**TO DO**
Below are lines of records; copy exactly those from the one containing "A QUANTITY OF" through the one containing "32 Stunning Smiles", leaving the pictures behind.

**SOURCE DATA**
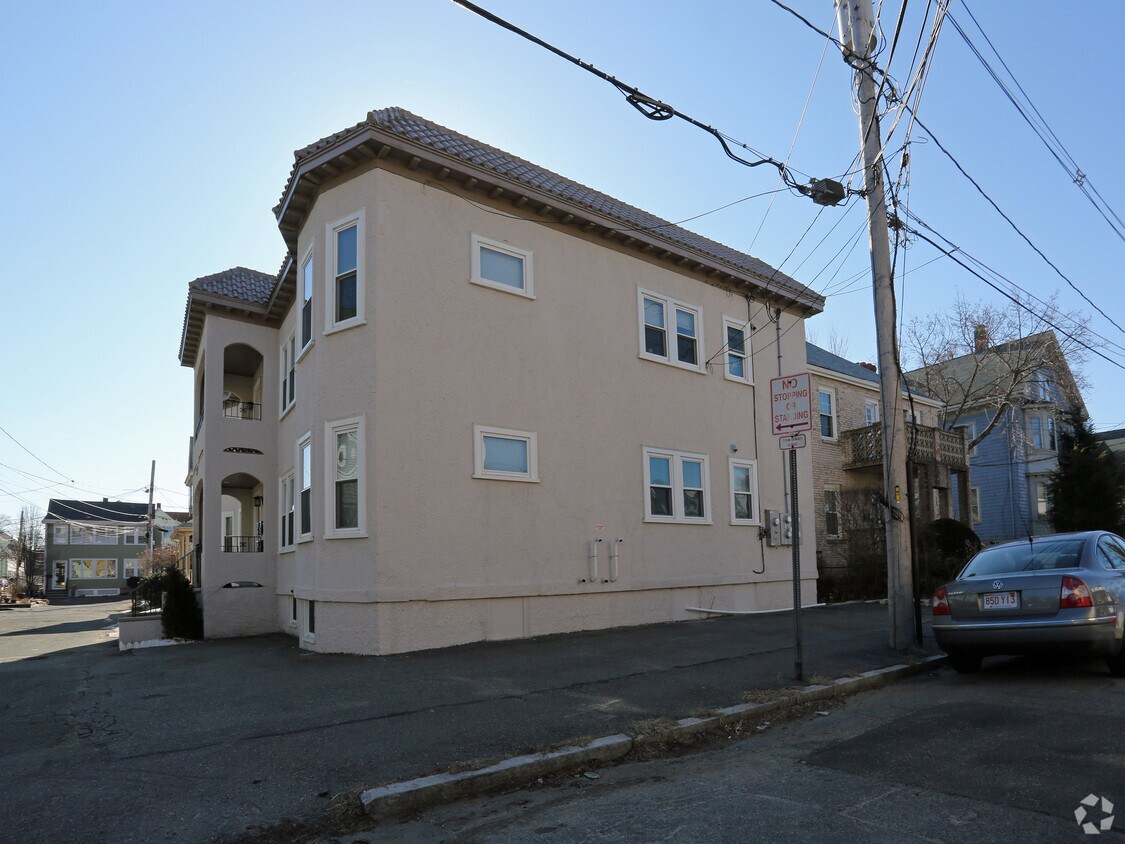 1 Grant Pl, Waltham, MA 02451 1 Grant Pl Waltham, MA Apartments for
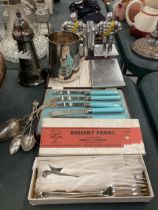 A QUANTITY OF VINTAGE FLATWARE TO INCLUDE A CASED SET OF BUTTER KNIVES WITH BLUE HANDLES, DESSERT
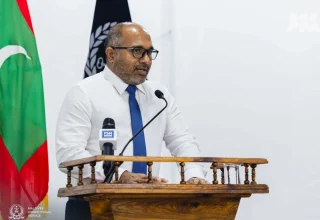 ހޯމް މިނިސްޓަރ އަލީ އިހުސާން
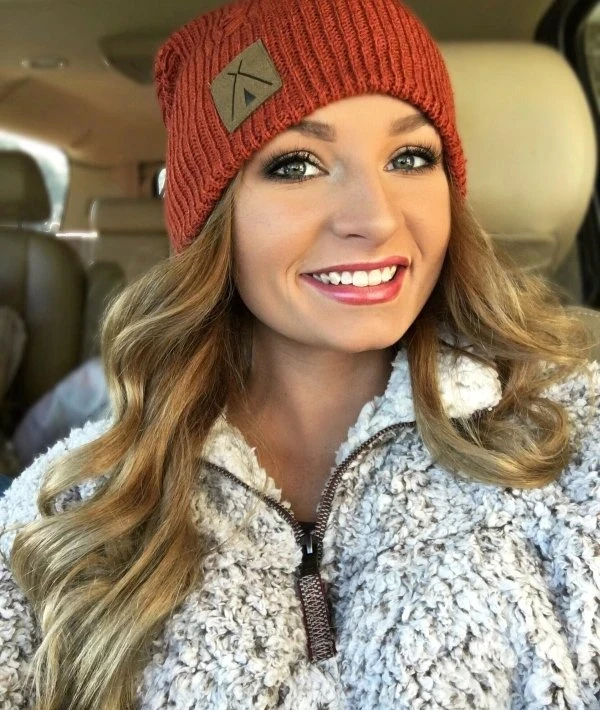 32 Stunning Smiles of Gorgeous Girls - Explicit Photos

--

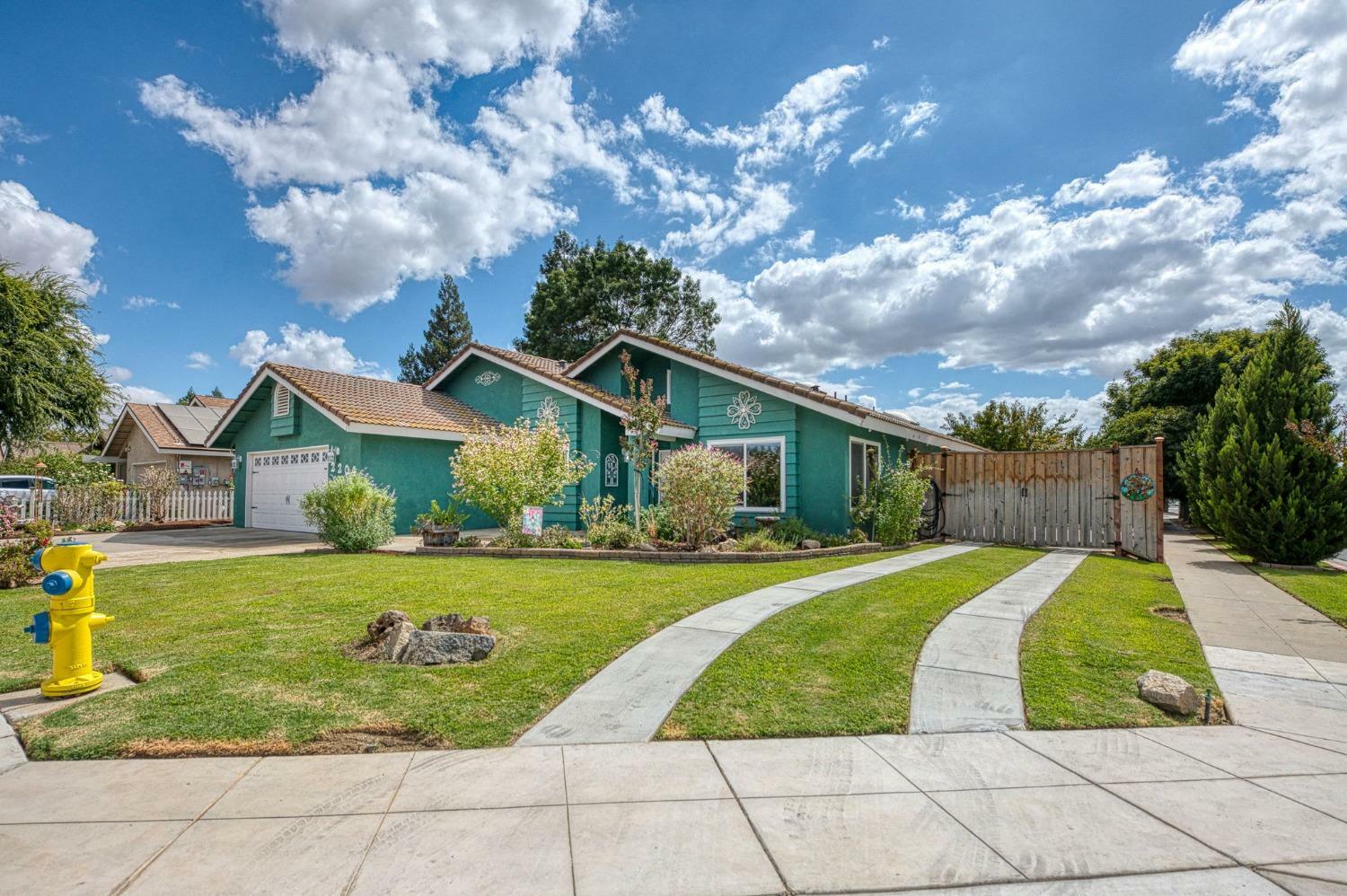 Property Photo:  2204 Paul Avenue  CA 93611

* * *

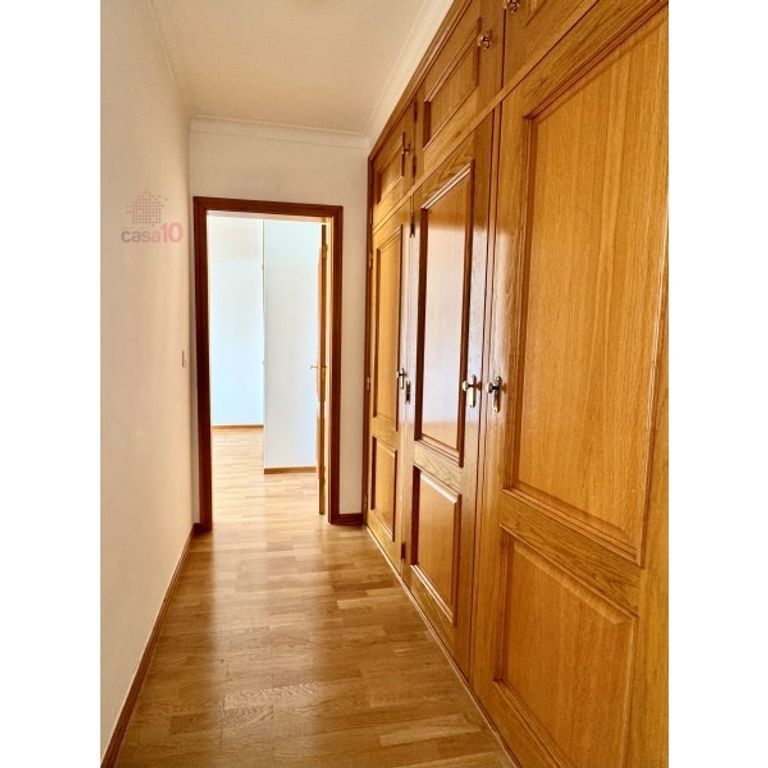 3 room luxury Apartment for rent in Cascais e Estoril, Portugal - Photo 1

**ANSWER FOR THE TASK**
 A QUANTITY OF VINTAGE FLATWARE TO INCLUDE A CASED SET OF BUTTER KNIVES WITH BLUE HANDLES, DESSERT
 ހޯމް މިނިސްޓަރ އަލީ އިހުސާން
 32 Stunning Smiles of Gorgeous Girls - Explicit Photos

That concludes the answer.